At present, little is known regarding the role of dysregulated R3HDML and PCDHA11 in various diseases, including OSCC, and further research is required to investigate their potential molecular mechanisms. Of note, the present study has certain limitations. For instance, it lacks corresponding experiments to validate the in silico results; therefore, further experiments, including quantitative PCR analysis, are required to confirm the association of the genes identified with OSCC in future studies. Furthermore, a paired-test was not performed to assess whether the groups were age/sex-matched in the current study, which needs to be taken in to account in further studies.

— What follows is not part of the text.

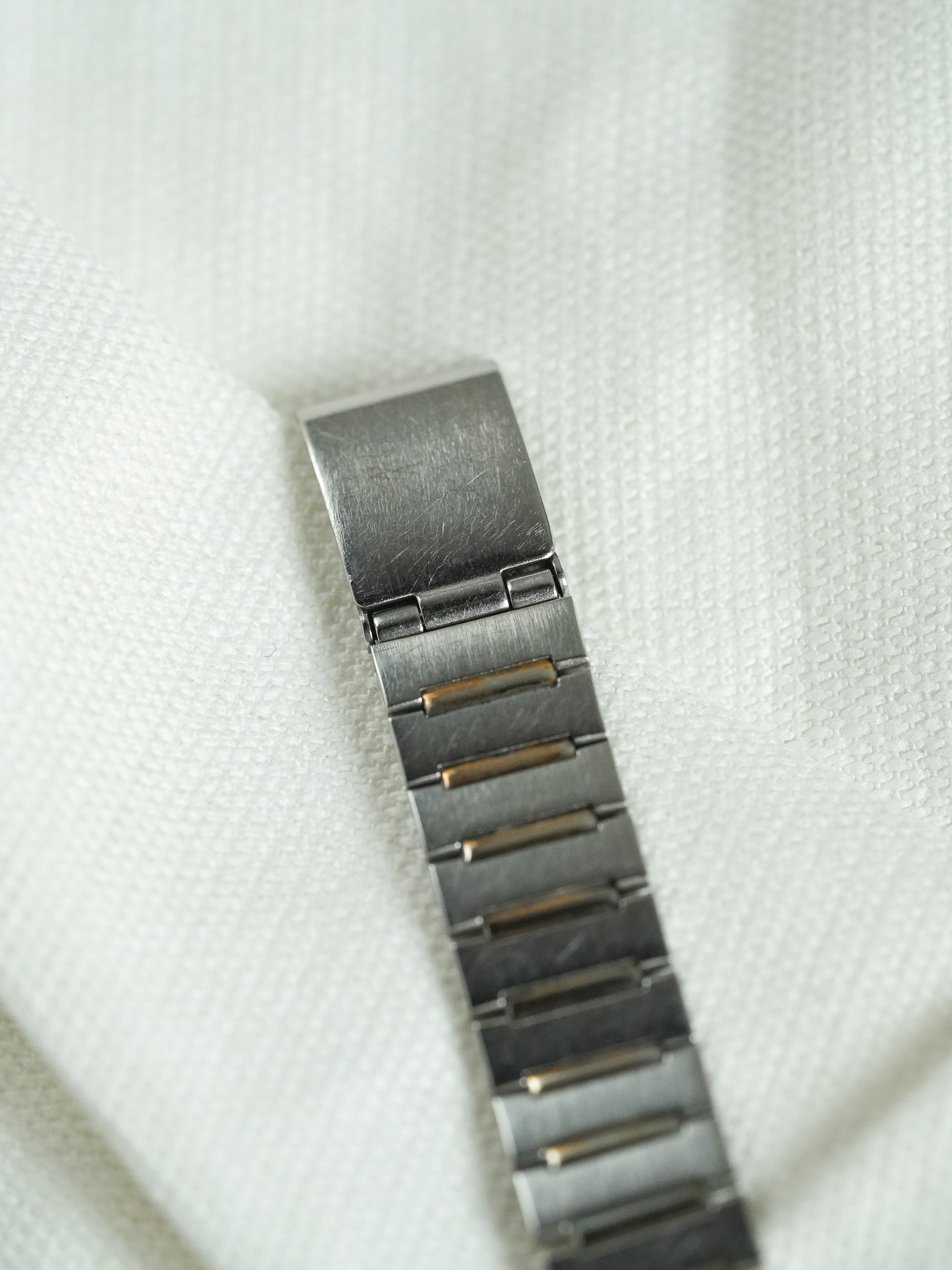 Yema - Mini Acier Cadran Or - 1980s - Atelier Victor - Vintage Shop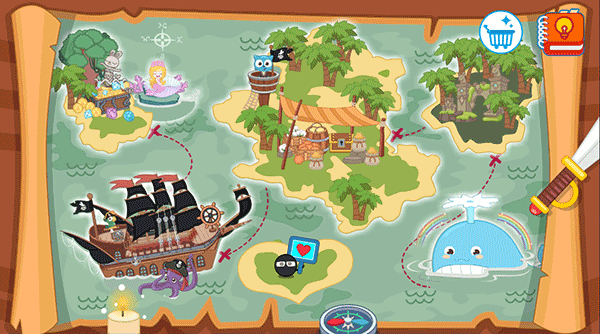 泡泡小镇海盗大冒险截图2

In conclusion, six differently expressed genes linked to oncogenesis and development were identified to be associated different clinical features in the present study. These genes (DCAF4L2, OPRPN, R3HDML, TPTE, ACTL8 and PCDHA11) may serve as potential prognostic markers for OSCC. Although further experimental verification is imperative, these results may provide a basis for in-depth study regarding the diagnosis, therapy and prognosis of OSCC.